For every entry, output the exact wording.

(Excerpts from a dataset)
------------
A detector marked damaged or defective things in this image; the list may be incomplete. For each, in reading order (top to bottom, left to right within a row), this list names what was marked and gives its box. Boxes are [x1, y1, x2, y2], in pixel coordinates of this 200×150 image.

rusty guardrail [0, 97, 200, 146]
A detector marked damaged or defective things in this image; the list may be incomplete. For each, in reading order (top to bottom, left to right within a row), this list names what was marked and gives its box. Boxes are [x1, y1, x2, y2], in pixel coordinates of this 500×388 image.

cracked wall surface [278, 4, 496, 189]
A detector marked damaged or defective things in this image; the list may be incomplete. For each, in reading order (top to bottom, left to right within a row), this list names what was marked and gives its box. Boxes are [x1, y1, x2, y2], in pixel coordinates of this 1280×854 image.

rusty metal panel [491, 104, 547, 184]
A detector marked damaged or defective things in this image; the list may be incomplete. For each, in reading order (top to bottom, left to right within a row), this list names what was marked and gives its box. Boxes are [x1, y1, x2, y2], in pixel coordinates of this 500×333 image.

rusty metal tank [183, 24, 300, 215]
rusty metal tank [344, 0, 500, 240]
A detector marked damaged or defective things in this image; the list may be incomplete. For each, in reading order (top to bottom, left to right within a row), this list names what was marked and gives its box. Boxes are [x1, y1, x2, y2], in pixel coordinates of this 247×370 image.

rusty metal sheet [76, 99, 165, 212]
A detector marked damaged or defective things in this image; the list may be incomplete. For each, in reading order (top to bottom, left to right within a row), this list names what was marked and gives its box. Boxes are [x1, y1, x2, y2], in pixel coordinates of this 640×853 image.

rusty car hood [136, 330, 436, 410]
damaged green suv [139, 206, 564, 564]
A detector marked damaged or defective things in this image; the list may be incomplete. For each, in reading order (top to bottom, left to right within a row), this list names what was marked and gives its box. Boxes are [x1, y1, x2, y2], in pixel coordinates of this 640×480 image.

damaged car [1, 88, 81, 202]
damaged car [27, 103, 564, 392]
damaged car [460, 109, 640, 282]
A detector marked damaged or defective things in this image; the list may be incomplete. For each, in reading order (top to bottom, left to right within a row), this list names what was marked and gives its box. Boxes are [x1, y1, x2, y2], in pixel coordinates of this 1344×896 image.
------------
Answer for this exercise ->
A detector marked damaged or defective things in this image; the list may be incomplete. For each, in reading order (top to bottom, left to right within a row), this list names what was marked and gives its box. Boxes are [x1, y1, x2, y2], in pixel coordinates of this 200×150 image.

rusty guardrail [0, 97, 200, 146]
A detector marked damaged or defective things in this image; the list may be incomplete. For each, in reading order (top to bottom, left to right within a row), this list names what was marked and gives its box. Boxes are [x1, y1, x2, y2], in pixel coordinates of this 500×388 image.

cracked wall surface [278, 4, 496, 189]
A detector marked damaged or defective things in this image; the list may be incomplete. For each, in reading order (top to bottom, left to right within a row), this list names what was marked and gives its box. Boxes are [x1, y1, x2, y2], in pixel coordinates of this 1280×854 image.

rusty metal panel [491, 104, 547, 184]
A detector marked damaged or defective things in this image; the list may be incomplete. For each, in reading order (top to bottom, left to right within a row), this list names what was marked and gives its box. Boxes are [x1, y1, x2, y2], in pixel coordinates of this 500×333 image.

rusty metal tank [183, 24, 300, 215]
rusty metal tank [344, 0, 500, 240]
A detector marked damaged or defective things in this image; the list may be incomplete. For each, in reading order (top to bottom, left to right within a row), this list names what was marked and gives its box. Boxes are [x1, y1, x2, y2], in pixel coordinates of this 247×370 image.

rusty metal sheet [76, 99, 165, 212]
A detector marked damaged or defective things in this image; the list may be incomplete. For each, in reading order (top to bottom, left to right within a row), this list names what was marked and gives its box. Boxes are [x1, y1, x2, y2], in pixel coordinates of this 640×853 image.

rusty car hood [136, 330, 436, 410]
damaged green suv [139, 206, 564, 564]
A detector marked damaged or defective things in this image; the list may be incomplete. For each, in reading order (top to bottom, left to right within a row), this list names what was marked and gives its box. Boxes are [x1, y1, x2, y2], in pixel coordinates of this 640×480 image.

damaged car [1, 88, 81, 202]
damaged car [27, 103, 564, 392]
damaged car [460, 109, 640, 282]
A detector marked damaged or defective things in this image; the list may be incomplete. For each, in reading order (top to bottom, left to right within a row), this list names what was marked and gives its box. Boxes are [x1, y1, x2, y2], in pixel coordinates of this 1344×896 image.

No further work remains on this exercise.